*** Opening TASK INPUTS ***

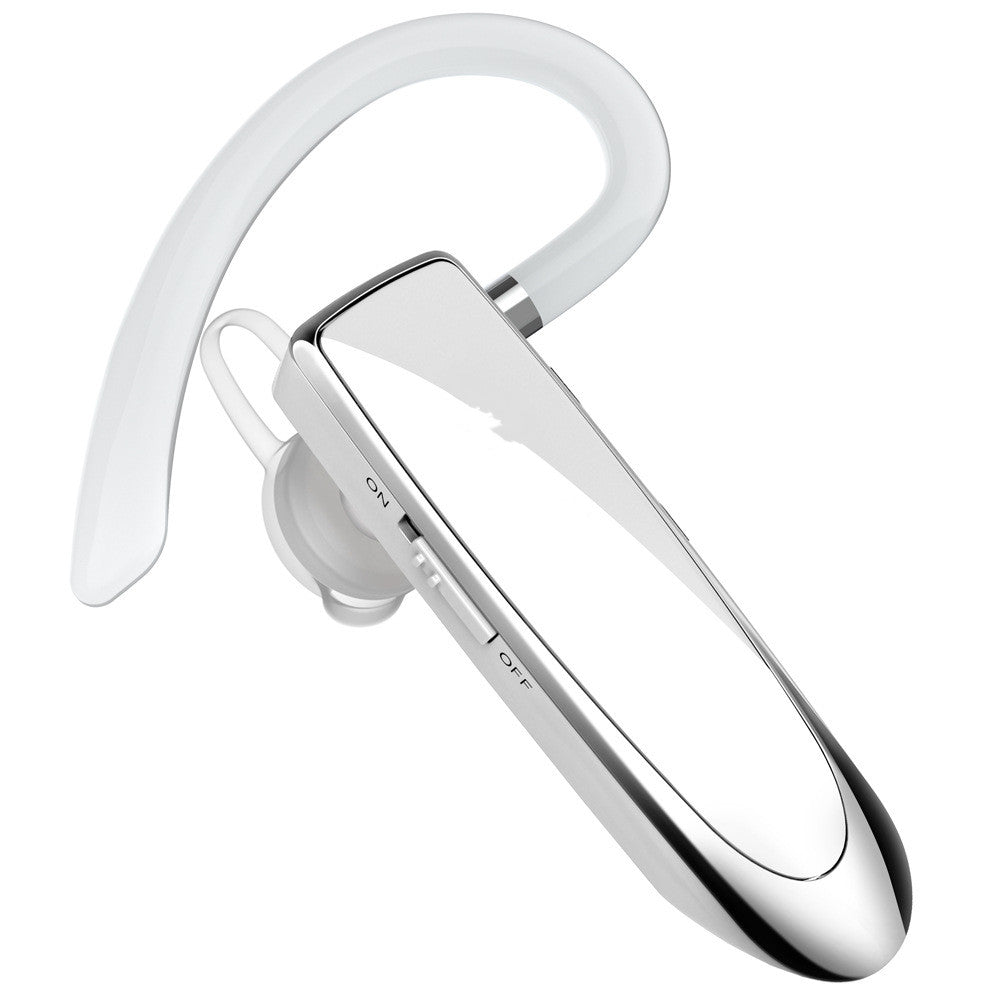 Bluetooth 5.0 Wireless Handsfree Headset with 24-Hour Battery Life - additional view 15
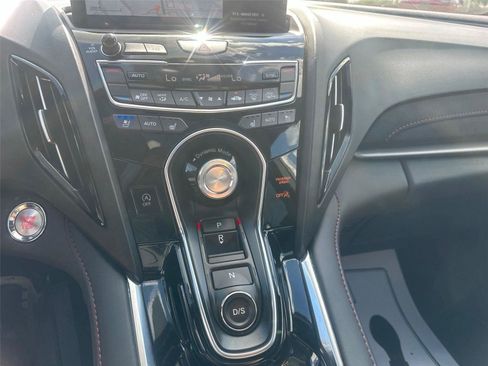 Used 2023 Acura RDX A-Spec AWD/4WD image 33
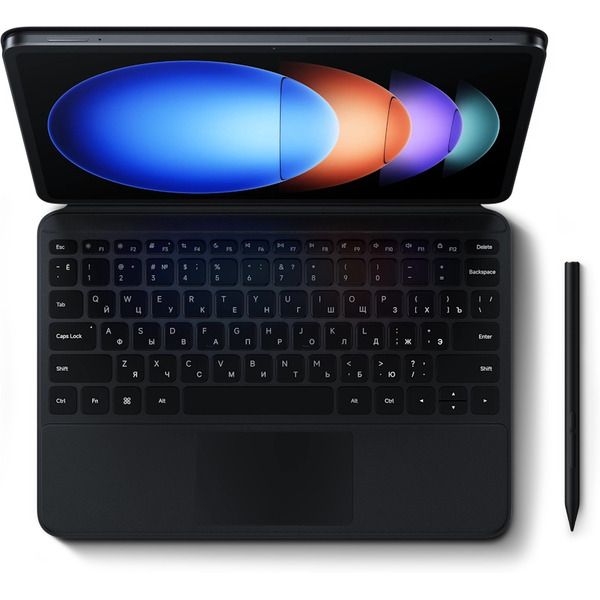 Чехол-клавиатура Xiaomi Pad 6S Pro Touchpad Keyboard (2312EKBF4C)
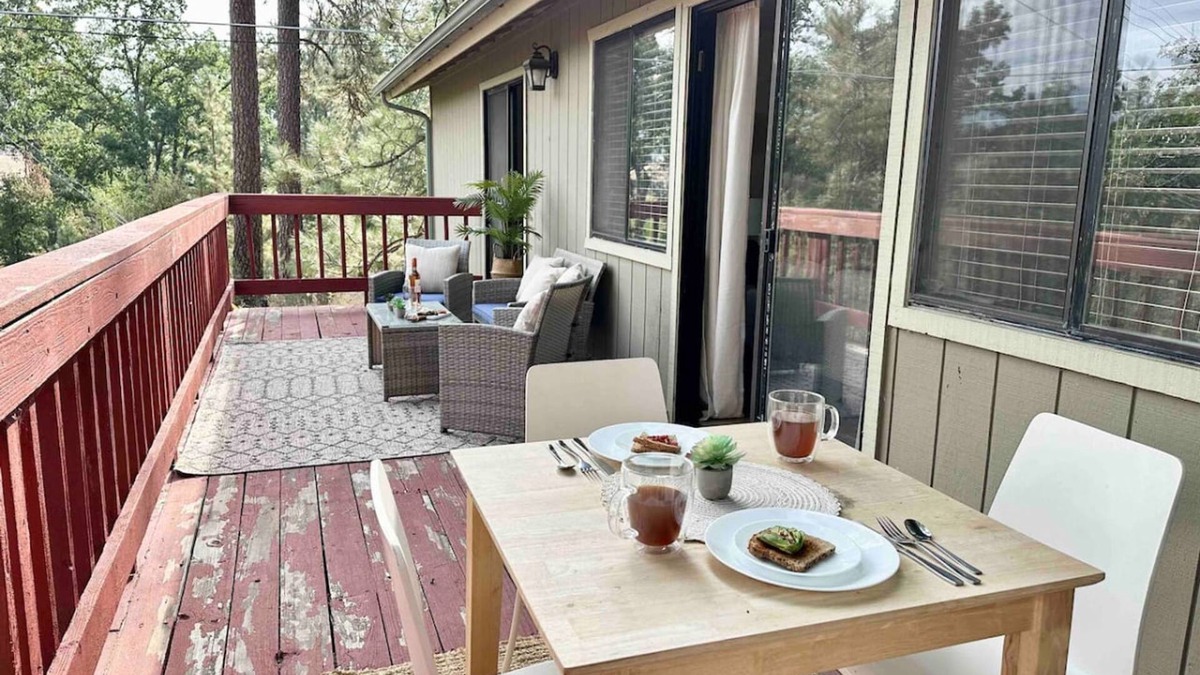 Oakhurst House | Yosemite Adventure Great Location Condo by Casaoso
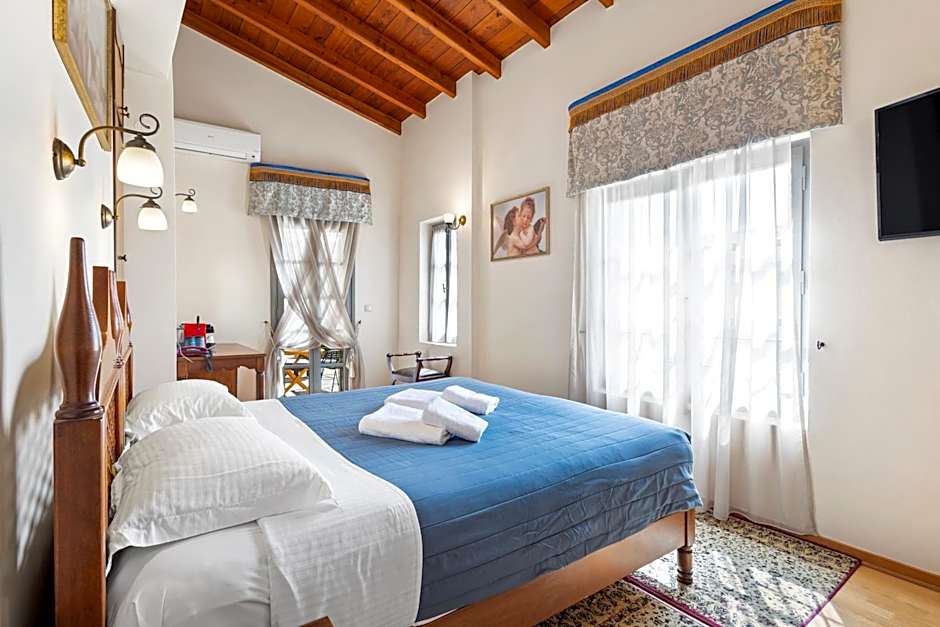 Belmondo Hotel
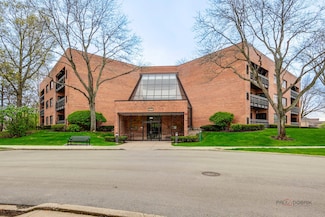 1088 Shermer Rd Unit 307, Northbrook, IL 60062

*** Closing TASK INPUTS ***

● **WHAT YOU NEED TO DO**: Copy out all the data exactly. The images should not appear in the copy.

● **EXERCISE RESPONSE**:
 Bluetooth 5.0 Wireless Handsfree Headset with 24-Hour Battery Life - additional view 15
 Used 2023 Acura RDX A-Spec AWD/4WD image 33
 Чехол-клавиатура Xiaomi Pad 6S Pro Touchpad Keyboard (2312EKBF4C)
 Oakhurst House | Yosemite Adventure Great Location Condo by Casaoso
 Belmondo Hotel
 1088 Shermer Rd Unit 307, Northbrook, IL 60062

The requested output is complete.